12. You soak up too much sun
- A life of sun exposure can take decades off your life if you get skin cancer
Melanoma is responsible for the majority of skin cancer deaths. This means that your risk of skin cancer is entirely preventable if you choose the right sunscreen — and apply it daily. Start with an SPF 15 (or higher) face lotion each day to reduce your risk.
It isn’t just skin cancer that can lead to premature death — baking in the heat increases your risk of heat stroke, which can cause serious damage to your brain and internal organs. Forty-six percent of skin-cancer related deaths occur in people younger than 70.
Next: Be careful what joints you crack
13. You crack your neck
- In a rare turn of events, a 42-year-old man cut decades off his life — just by cracking his neck
This was by far the most surprising find — cracking your neck makes you more susceptible to serious injuries.
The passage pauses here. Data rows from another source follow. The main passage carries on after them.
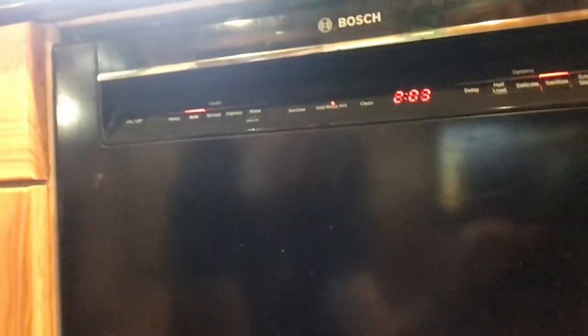Step one, before we even start mashing strawberries or measuring sugar, is I turn on the dishwasher, which I've already done. I'll show you here. I put my jars in there — my mason jars, not the lids or the rings, just the glass jars — and I have turned it on for a sanitized load. That will make sure that my glass jars are all sanitized and ready to go for making jam.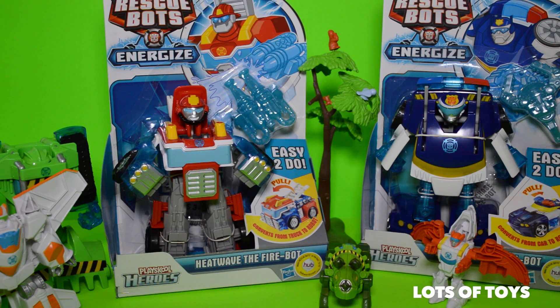Hey guys, it's Miriam with Lots of Toys. I'm so glad you can join me for another fun video. We have more Transformers Rescue Bots to open and play with.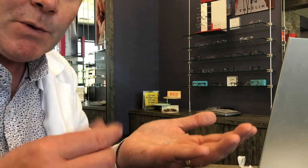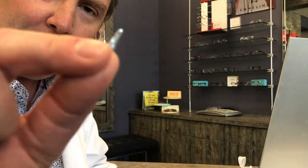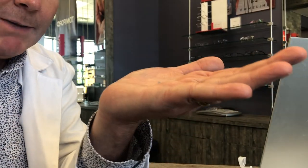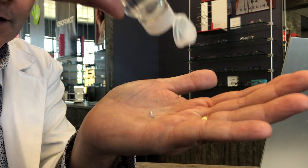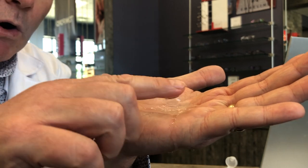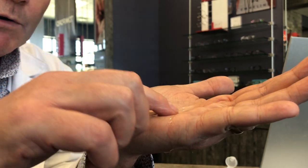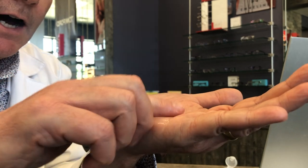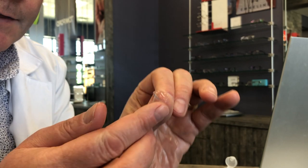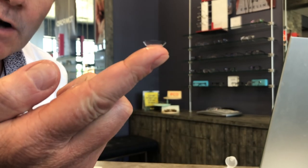Sometimes after working with a contact lens for a while it kind of rolls up or sticks together. To get the lens apart, don't go in and peel it — you're likely going to tear it. Instead, place the lens in the palm of your hand, take a little bit of contact lens solution, put that on the lens, and roll it in the solution. That's going to unfold it and then you can place the contact lens on your eye.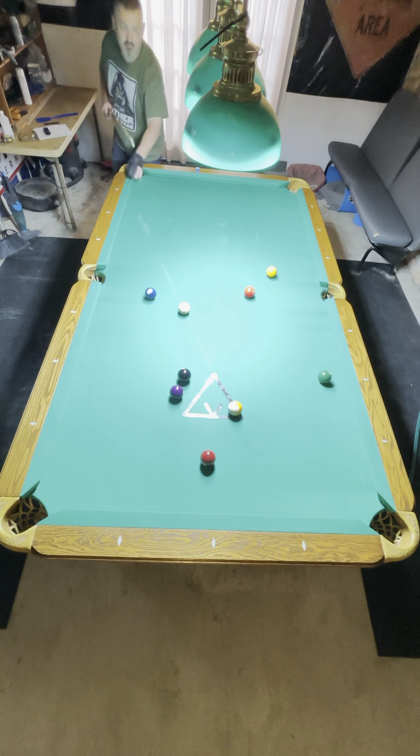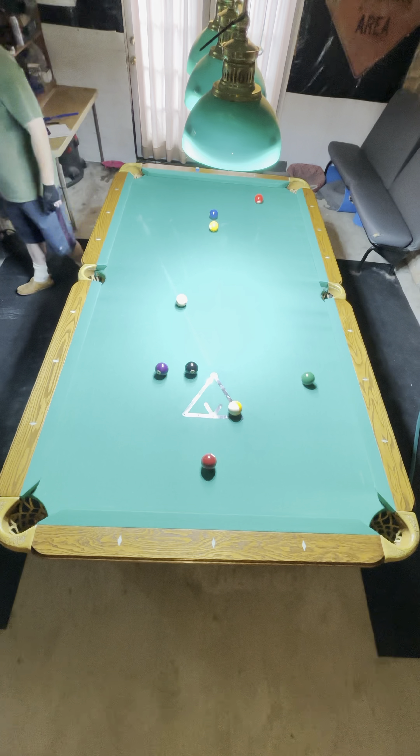Welcome to the Shoot Stuff channel. I'm going to break down this rack of nine ball. Made the five on the break.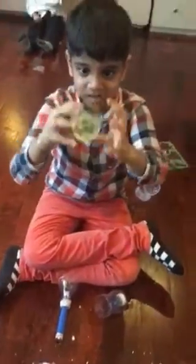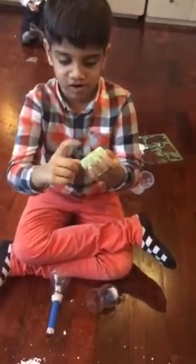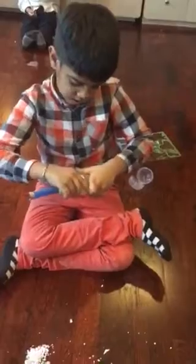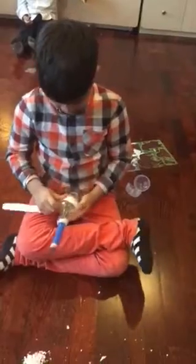So it doesn't open. Then you have the disposable glass — we cut it in half and replaced it with a net. So we take it, stick it together, take the tape, and stick it.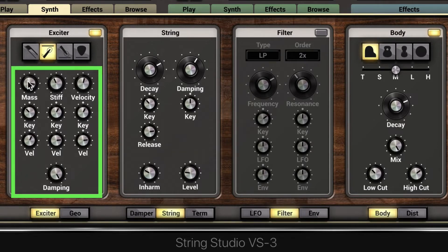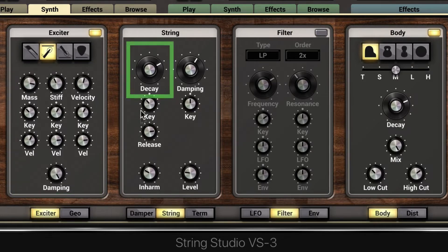The mass knob adjusts the mass of the hammer, and the stiffness knob controls the stiffness of the head of the hammer. The velocity sets the velocity of the hammer when it strikes the string, and these can each be modulated by key range or velocity. We also have damping, which adjusts the absorption of the impact between the string and the hammer — it's not related to the string's decay properties; it works independently.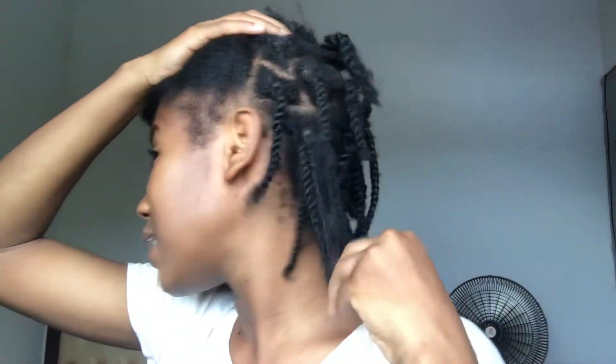My name is Ruth and today I'm gonna try the avocado hair mask. I already undid the twist I had on my hair, but I still have to undo the back side.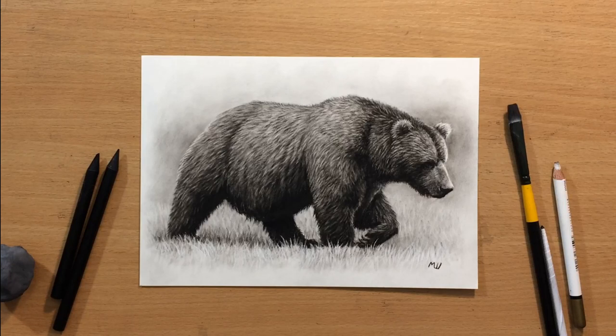Hello and welcome to my channel. In this video I'm going to show you how to draw a bear in charcoal. So let's start.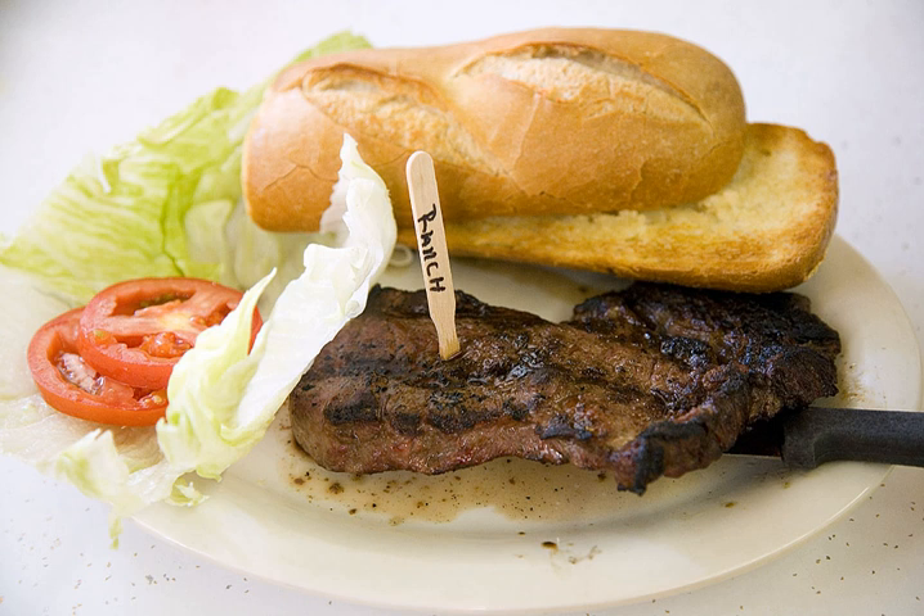It is best when it is braised; however, it is excellent when grilled, broiled, or pan fried if it is marinated first and if it is not overcooked.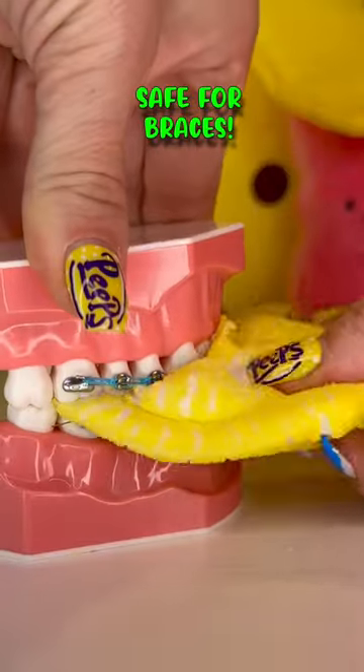Peeps, original. These are nice and soft. My flavor rating is an eight out of 10. My braces rating is a 10 out of 10. These are definitely safe for braces.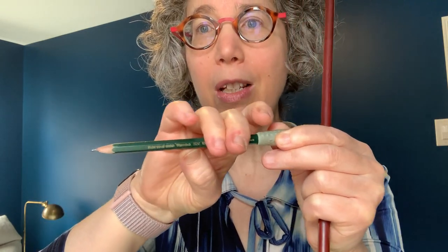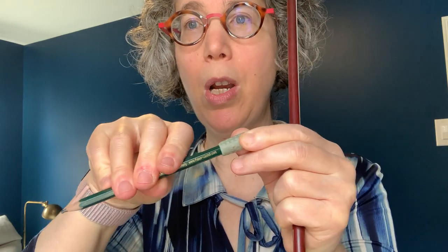Sometimes people start sliding, their thumb slides through, or they get stiffness. So even for people that have been playing for a while, it's a really good thing to review and make sure your bow hold is working well — that it feels flexible and that you can get the most beautiful tone possible out of your violin. Let me know if you have any questions.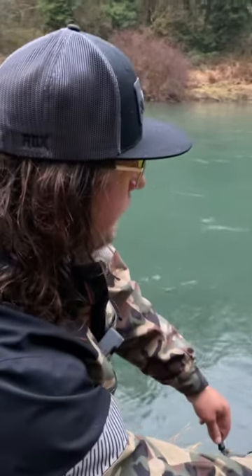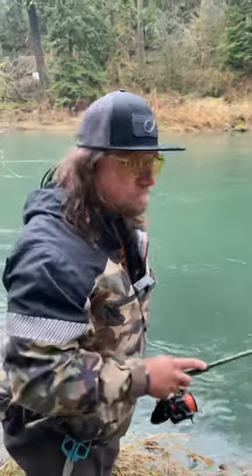I fish it till about 45 degrees down below me, reel it back in, and keep casting.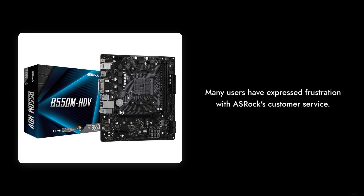Number 4: Poor Customer Support. Many users have expressed frustration with ASRock's customer service. Delays in response and lack of effective solutions can leave you feeling abandoned if you encounter issues.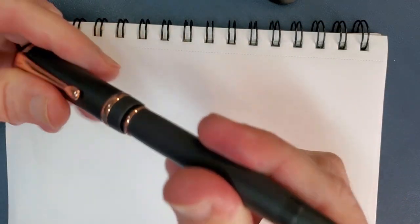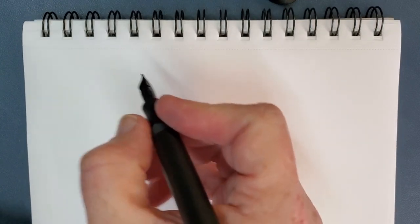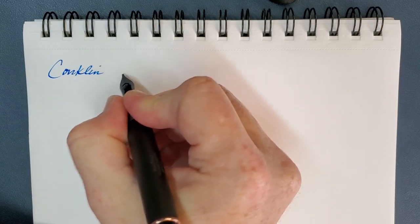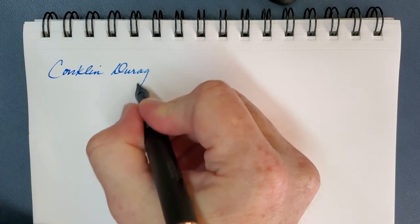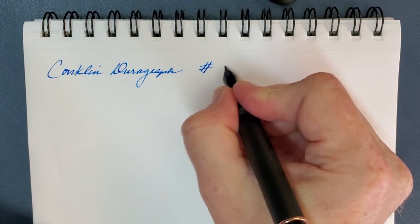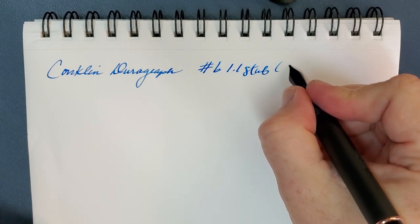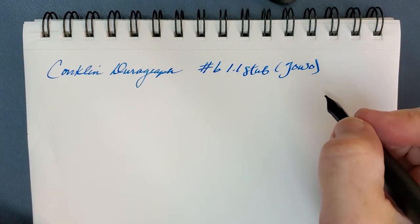It does post securely, but it makes for a baseball-bat-sized pen, so most of the time I don't do that. This is again the Conklin Durograph. It is a number six, 1.1 stub, and that is a Yovo nib—which matters to a lot of you, I'm sure of that.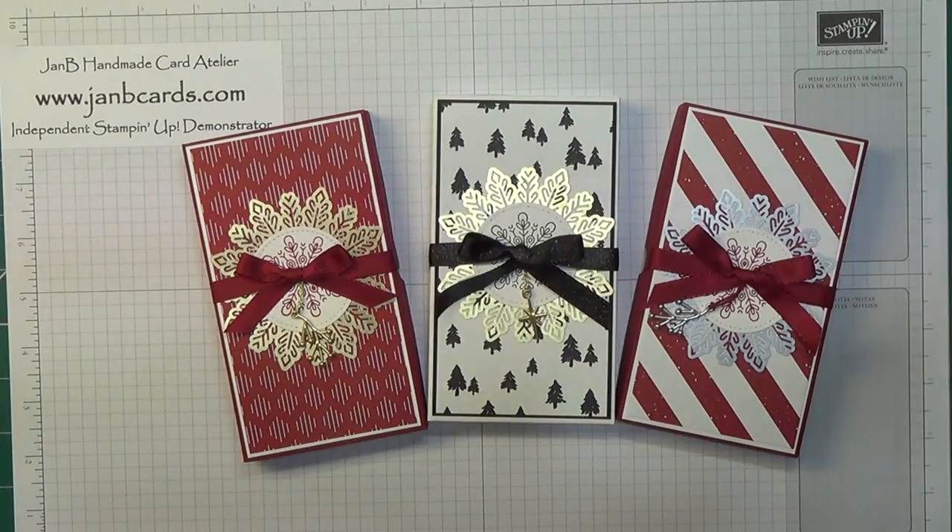Hello Crafters! I'm Jan B and I'm an independent Stampin' Up demonstrator. Today I'm going to show you how I made these boxes.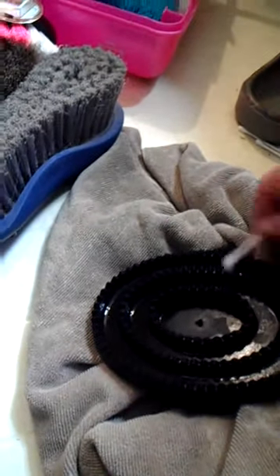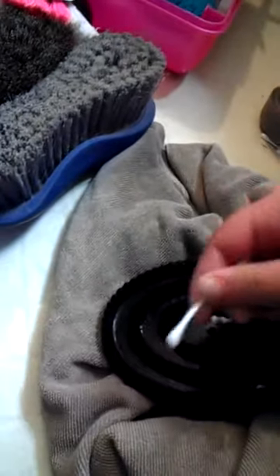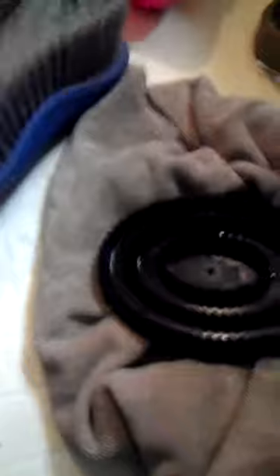Now we have our curry comb, and this is what you need your Q-tips for. You can mainly try to dry it as best as you can with just the towel. You're going to dry the back side. Then you're going to take your Q-tips and go around the edges, because if there's any dirt left, that'll come out. And it'll help dry it off in there so it dries a little faster.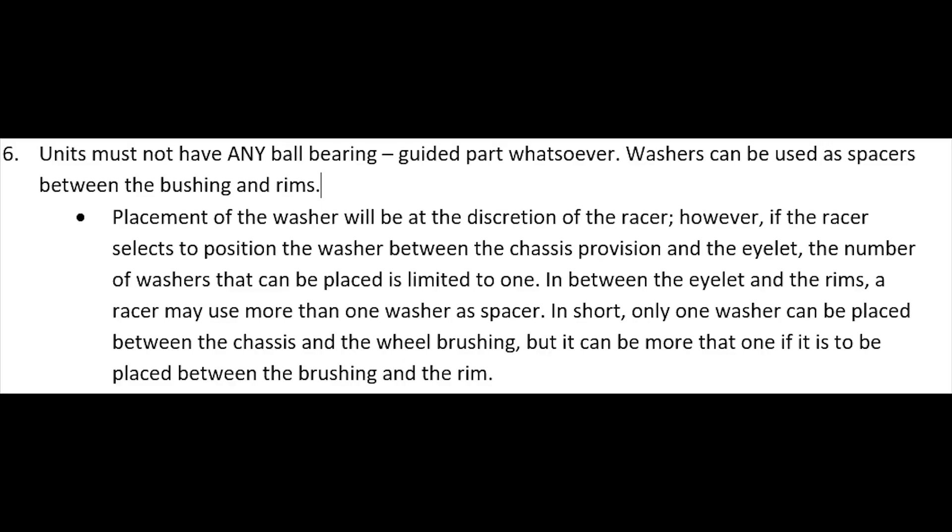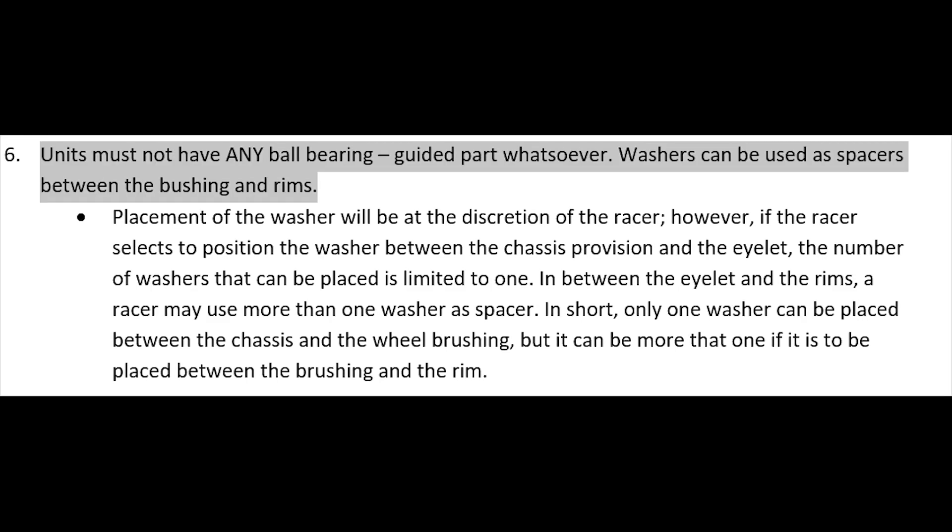Alright guys, we are now moving on to Rule Number 6 of Pro Stock Philippine Wolves. Rule Number 6: units must not have any ball bearings attached to it, or guided parts whatsoever.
Dr. Michael Gleiber, an orthopedic surgeon, told Health how cracking your neck can seriously injure you. It makes the ligaments surrounding your neck more susceptible to injury.
Excessive motion on these joints can lead to arthritis over time and, in rare cases, cause a stroke.
Next: Posture is key to a long, healthy life.
14. You have a bad hunch
- One in every 5 people who die from heart disease are under 65 years of age
Dr. Rene Cailliet, a physical therapist, found that bad posture doesn’t just lead to arthritis. In certain situations, hunching forward affects your lung capacity by nearly 30%.
Sitting and standing straighter — whether on a walk or at work — can help you breathe easier and decrease your risk of decreased lung function, back pain, and gastrointestinal pain. Compromised lungs decrease the oxygenated blood your heart and brain receive, which can lead to heart and vascular disease.
Next: The three habits you should adopt to gain back years.
15. Turns out we can gain back life as well
- Limit alcohol consumption to 1 drink per day to gain back 30 minutes
- Exercise for at least 20 minutes to gain back 1 hour
- Eat fresh fruits and veggies to gain back nearly 2 hours
It seems we aren’t as different from video game characters as we think: Humans too can gain back “life” by engaging in these healthy habits. Spiegelhalter’s research concluded the following practices can earn you back some of the life you spent smoking cigarettes in college.
Offset the above “lifespan deductions” by limiting alcohol consumption to one drink per day to gain back 30 minutes of life. Exercising for 20 minutes earns you an hour. Eating fresh fruits and veggies can give you up to 2 hours — so skip the red meat and grab the salad instead.